Captioned web image data —
* * * *
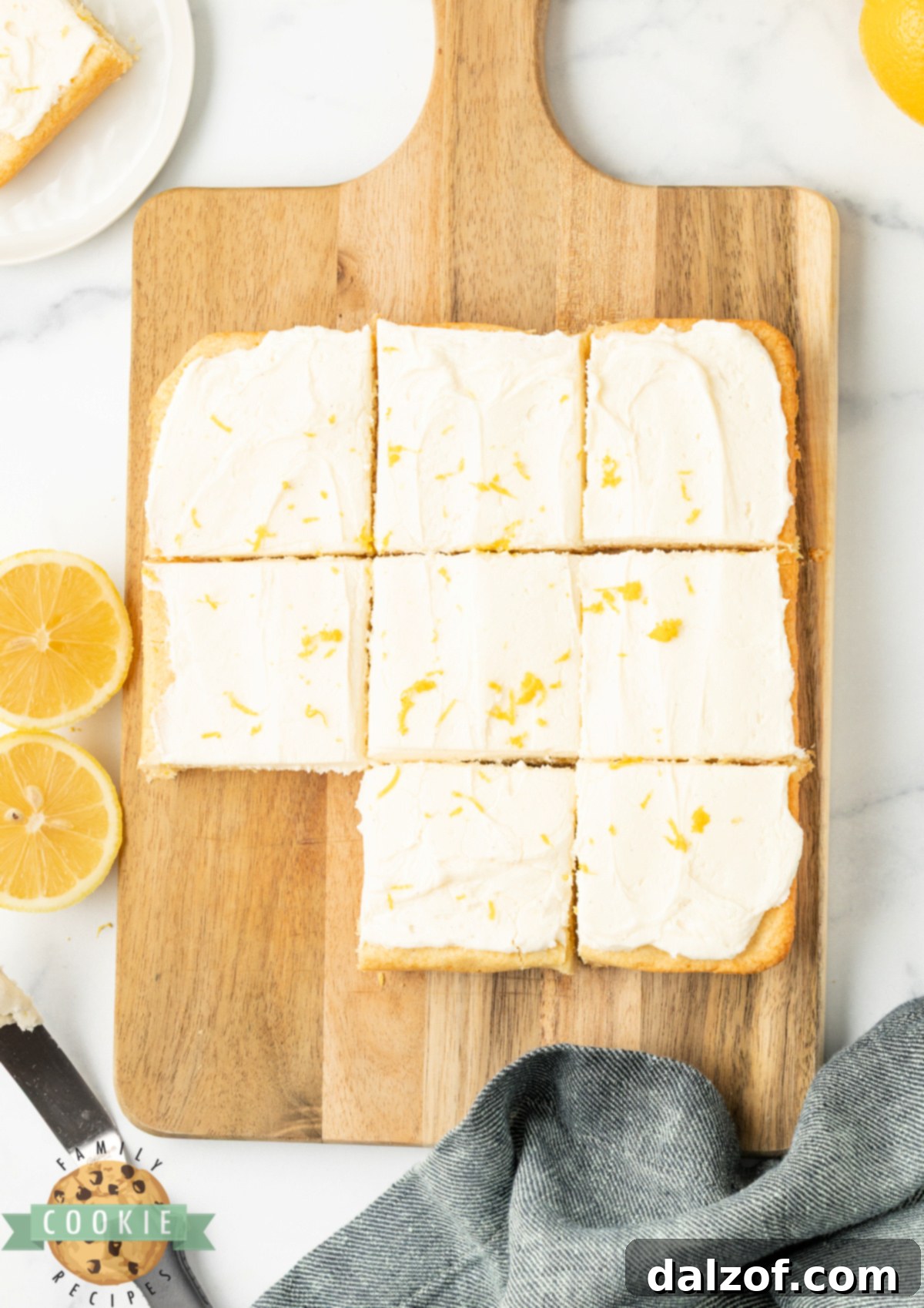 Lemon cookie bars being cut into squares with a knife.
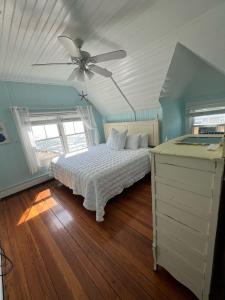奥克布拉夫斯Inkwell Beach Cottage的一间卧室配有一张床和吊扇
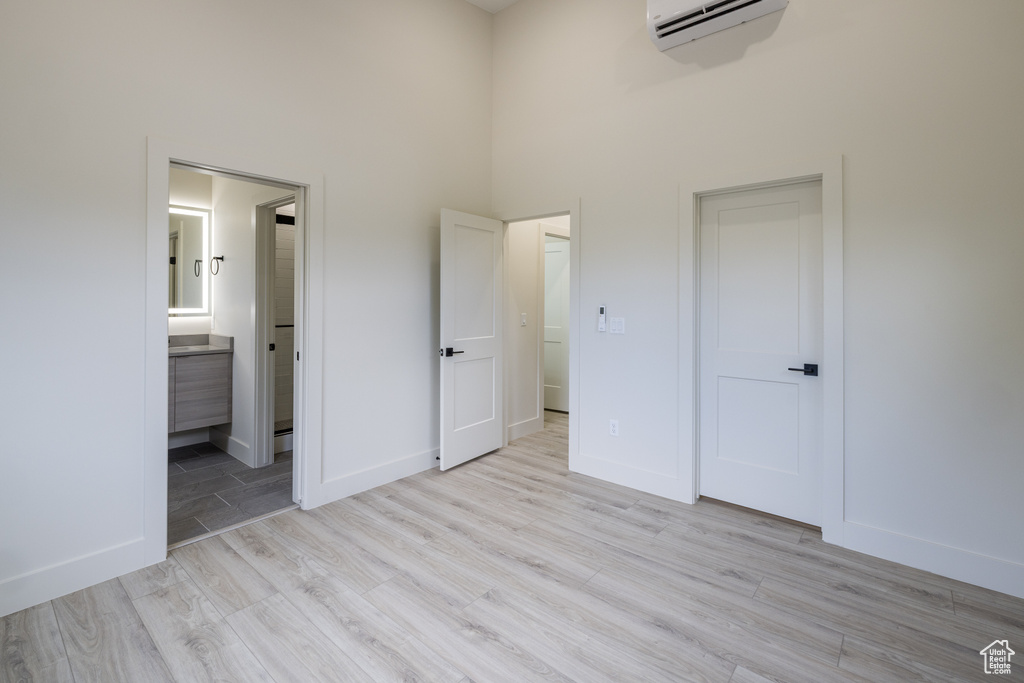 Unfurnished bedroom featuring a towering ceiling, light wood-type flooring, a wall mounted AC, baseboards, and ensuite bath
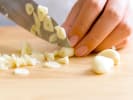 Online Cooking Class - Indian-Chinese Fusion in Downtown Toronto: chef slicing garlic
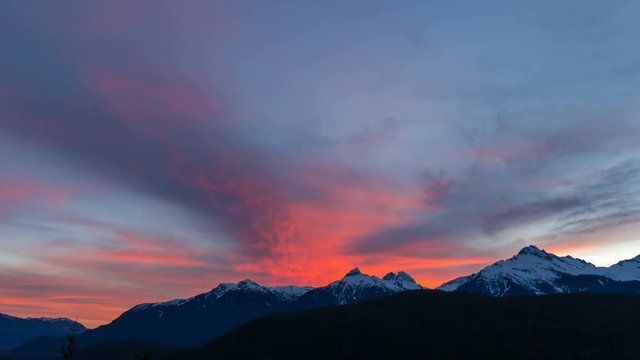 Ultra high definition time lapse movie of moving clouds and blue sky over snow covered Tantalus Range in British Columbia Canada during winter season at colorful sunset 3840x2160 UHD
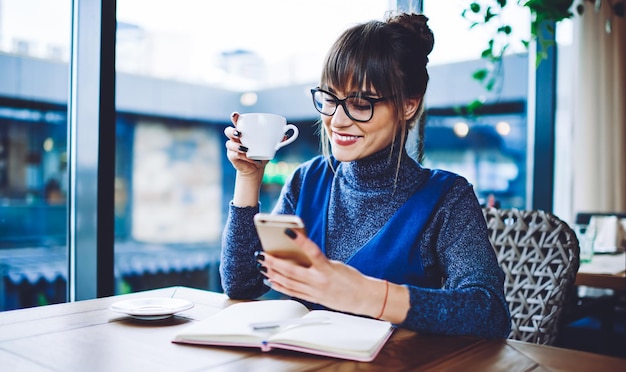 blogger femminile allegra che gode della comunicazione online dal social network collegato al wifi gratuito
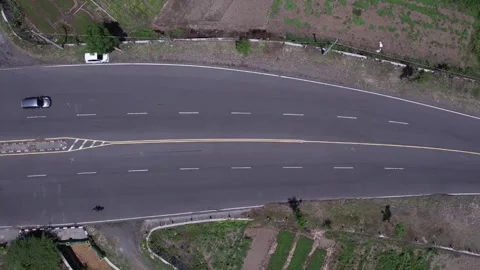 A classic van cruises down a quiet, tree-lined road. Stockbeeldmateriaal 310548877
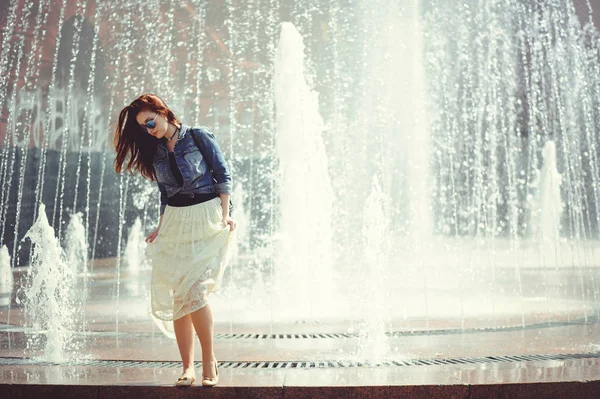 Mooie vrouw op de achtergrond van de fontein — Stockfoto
* * * *
Instructions to follow — Only exact lines belong in the answer: those from the beginning of the entries above through the line holding "Online Cooking Class", with no pictures.

Task solution —
 Lemon cookie bars being cut into squares with a knife.
奥克布拉夫斯Inkwell Beach Cottage的一间卧室配有一张床和吊扇
 Unfurnished bedroom featuring a towering ceiling, light wood-type flooring, a wall mounted AC, baseboards, and ensuite bath
 Online Cooking Class - Indian-Chinese Fusion in Downtown Toronto: chef slicing garlic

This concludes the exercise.